In [2]:
import numpy
import sklearn
from sklearn import datasets, linear_model
from sklearn.metrics import mean_squared_error, r2_score

# Linear Models for Regression

### Linear Regression Models and Least Squares

For input vector $X^T = (X_1, X_2, ... , X_p)$, we want to predict a real-value input, $Y$

Linear regression model has the form of:

\begin{equation}
\tag{1}
f(X) = \beta_0 + \sum\limits_{j=1}^{p} X_j\beta_j 
\end{equation}

where $\beta_j$'s are unknown parameters and $X_j$ are imputs which can come from the following sources:

* quantitative inputs
* transformations of quantitative inputs
* basis expansions ($X_2 = X_1^2, X_3 = X_1^3$), which can lead to polynomial representation
* numeric coding of the levels of qualitative inputs
* interactions between variables ($X_3 = X_1\cdot X_2$)

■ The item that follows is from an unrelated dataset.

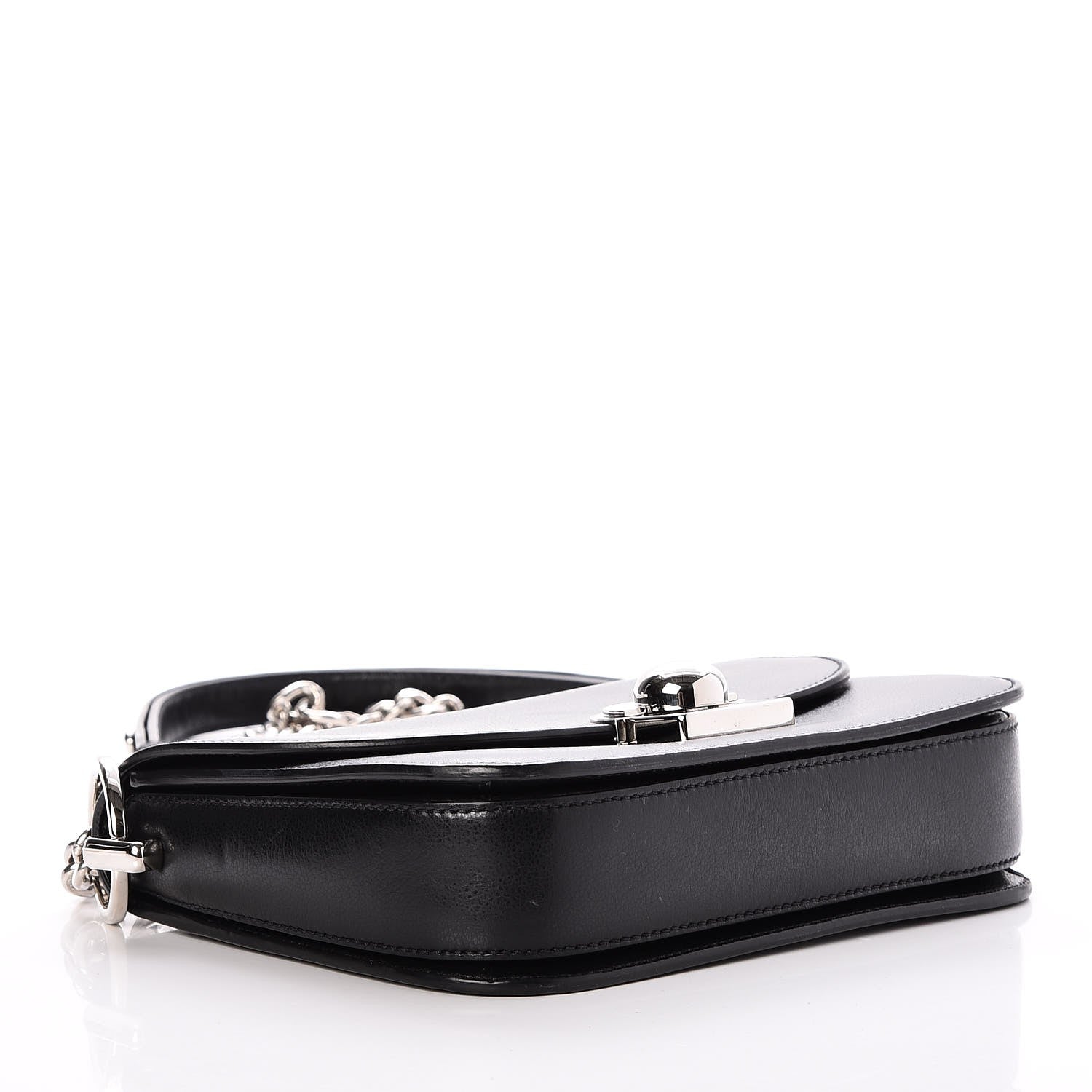 Prada Glace Calfskin Arcade Crossbody Bag Black 5 of 8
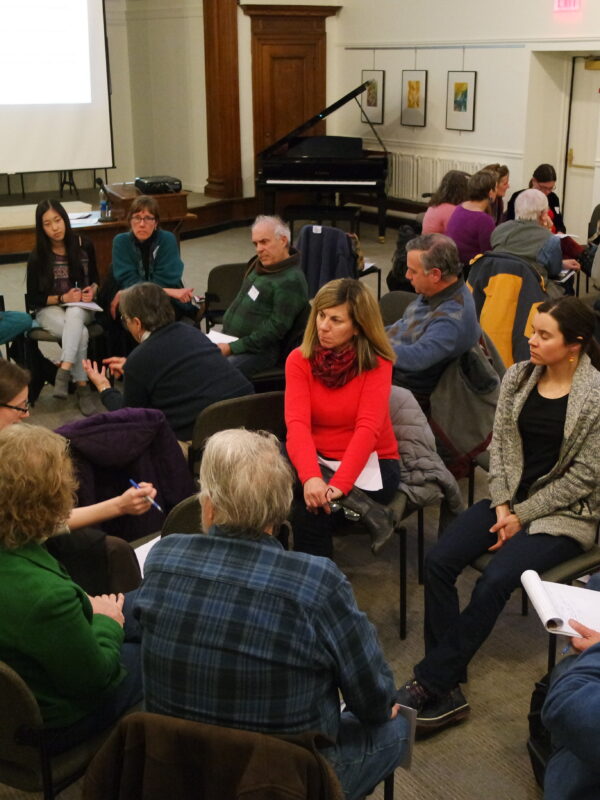 People gathered at ACLU Action Forum in Bangor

The most popular form estimation method is _least squares_, in which we pck the coefficients $\beta=(\beta_0 , \beta_1 , ... , \beta_p)^T$ to minimize the RSS:

\begin{align}
RSS(\beta) &= \sum\limits_{i=1}^{N} (y_i - f(x_i))^2\\
\tag{2}
&= \sum\limits_{i=1}^{N} (y_i - \beta_0 - \sum\limits_{j=1}^{p} x_{ij}\beta_j)^2
\end{align}


* Reasonable if the training observations $(x_i, y_i)$ represent independent random draws from their population.
    - If $x_i$'s are not drawn randomly, still ok if $y_i$'s are conditionally independent given the inputs $x_i$


__How do we minimize eqn(2)?__
Denote by $X$ the $N * (p + 1)$ matrix with each row an input vector, and let $y$ be the N-vector of outputs in the training set. Therfore, the RSS can be rewriten as:

\begin{equation}
\tag{3}
RSS(\beta) = (\mathbf{y} - \mathbf{X}\beta)^T (\mathbf{y}-\mathbf{X}\beta)
\end{equation}
This is a quadratic function in the p + 1 parameters. 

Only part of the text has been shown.